RECORDS FOR THIS TASK ▸
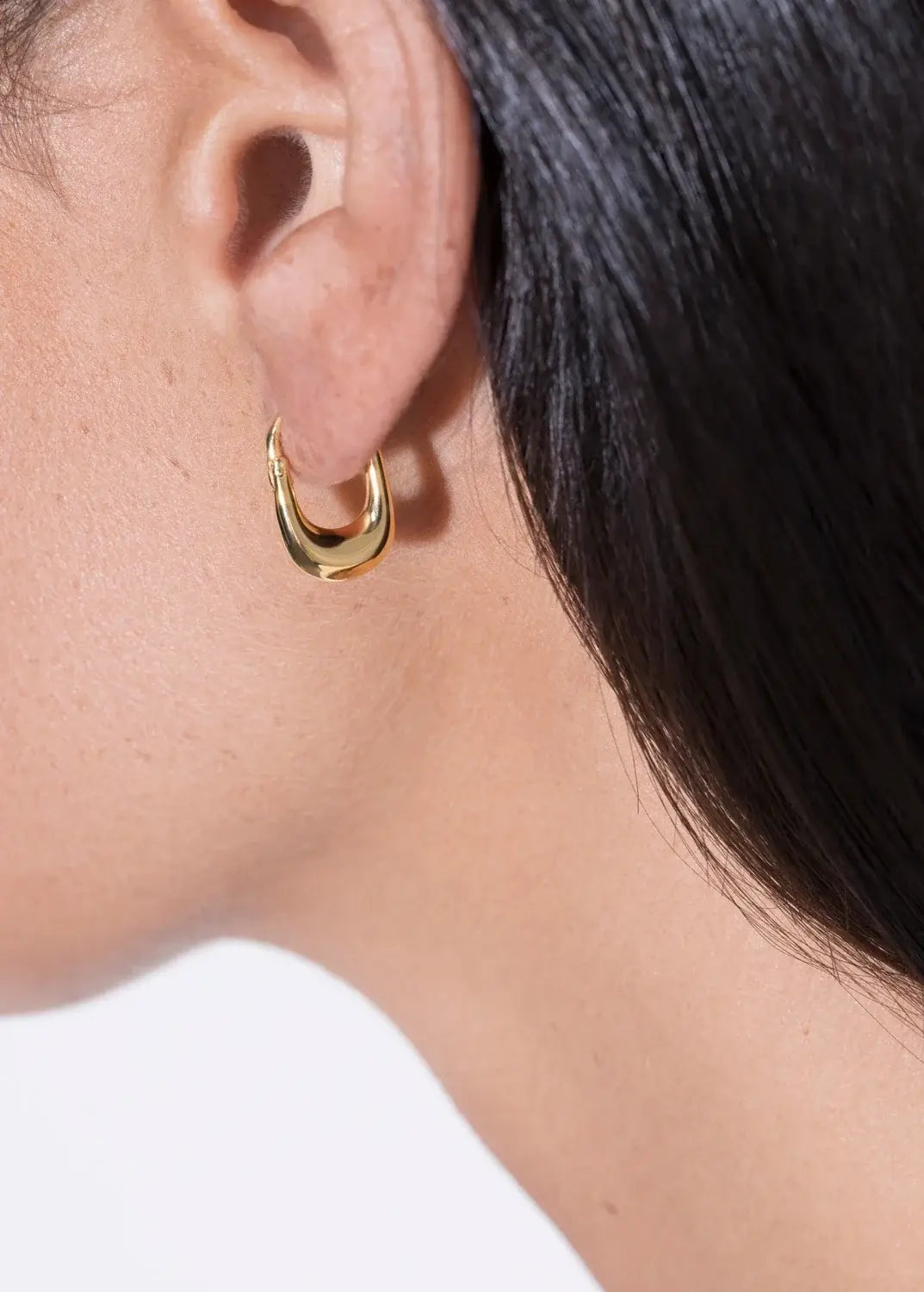 Pendientes sabina huggies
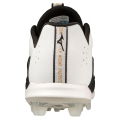 Mizuno 9-Spike Swift 8 Low blanc/noir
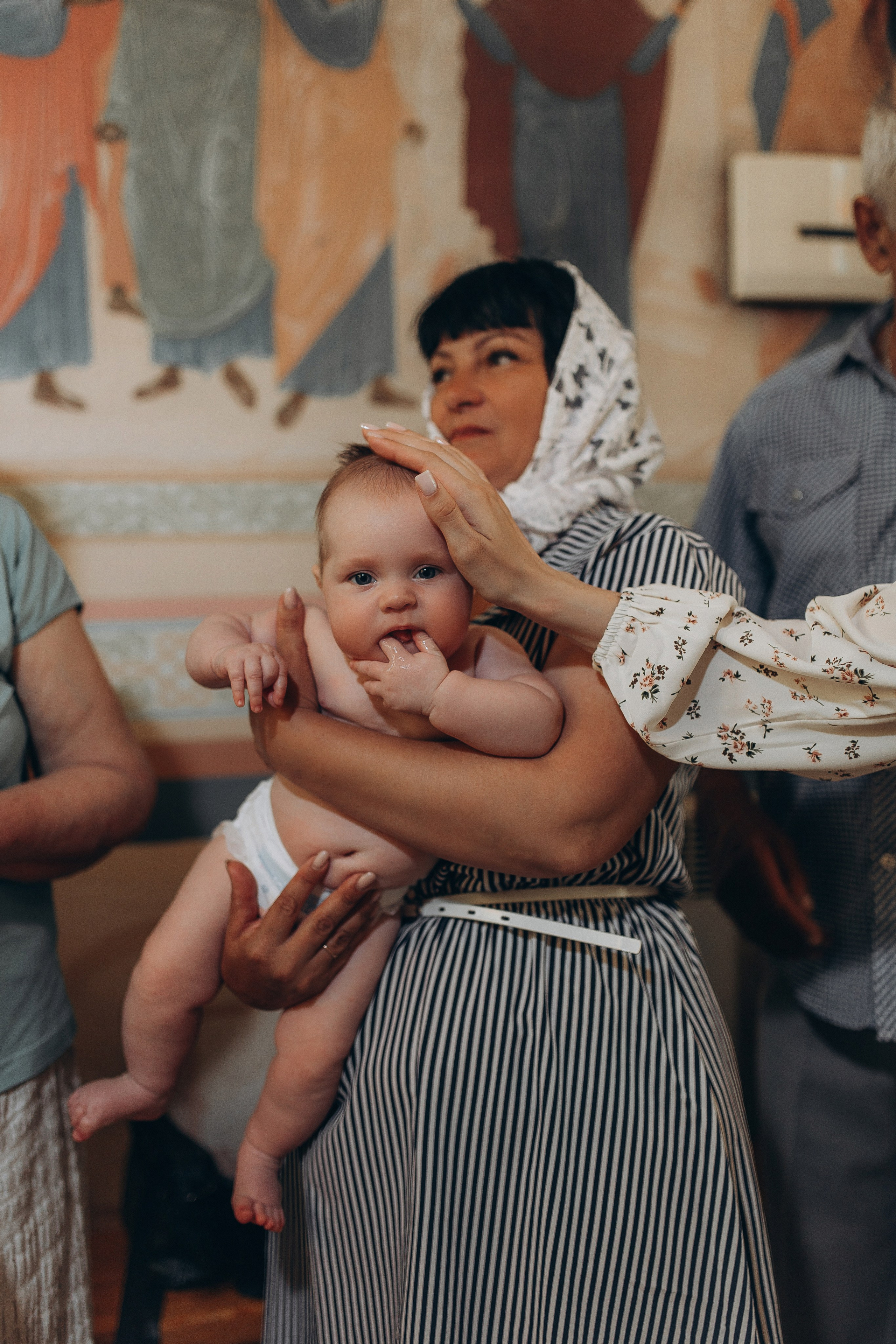 Крестины Миши🤍. Ph. Marina Reshetova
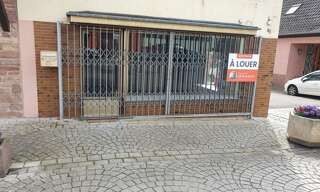 Garage  58 m² à louer à Marlenheim (67520)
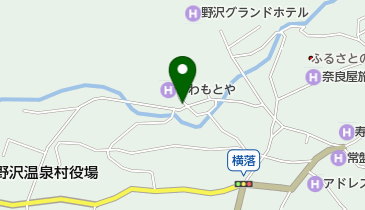 通草亭お好み焼店の地図画像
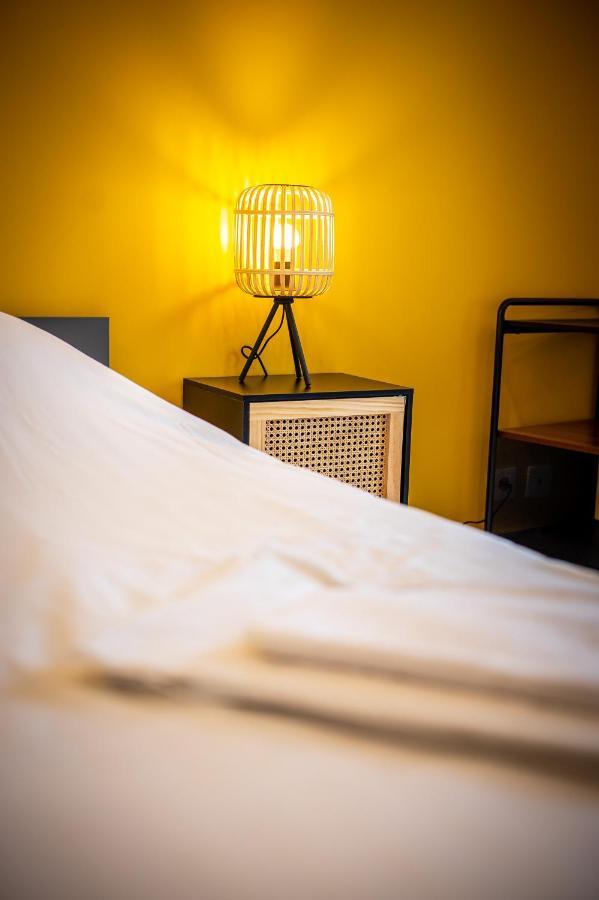 Le 54-gregimmo-appart'hotel Belfort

PROBLEM TO WORK ON ▸ Write the data above out exactly. Leave out any pictures.

OUTPUT OF THE TASK ▸
 Pendientes sabina huggies
 Mizuno 9-Spike Swift 8 Low blanc/noir
 Крестины Миши🤍. Ph. Marina Reshetova
 Garage  58 m² à louer à Marlenheim (67520)
 通草亭お好み焼店の地図画像
 Le 54-gregimmo-appart'hotel Belfort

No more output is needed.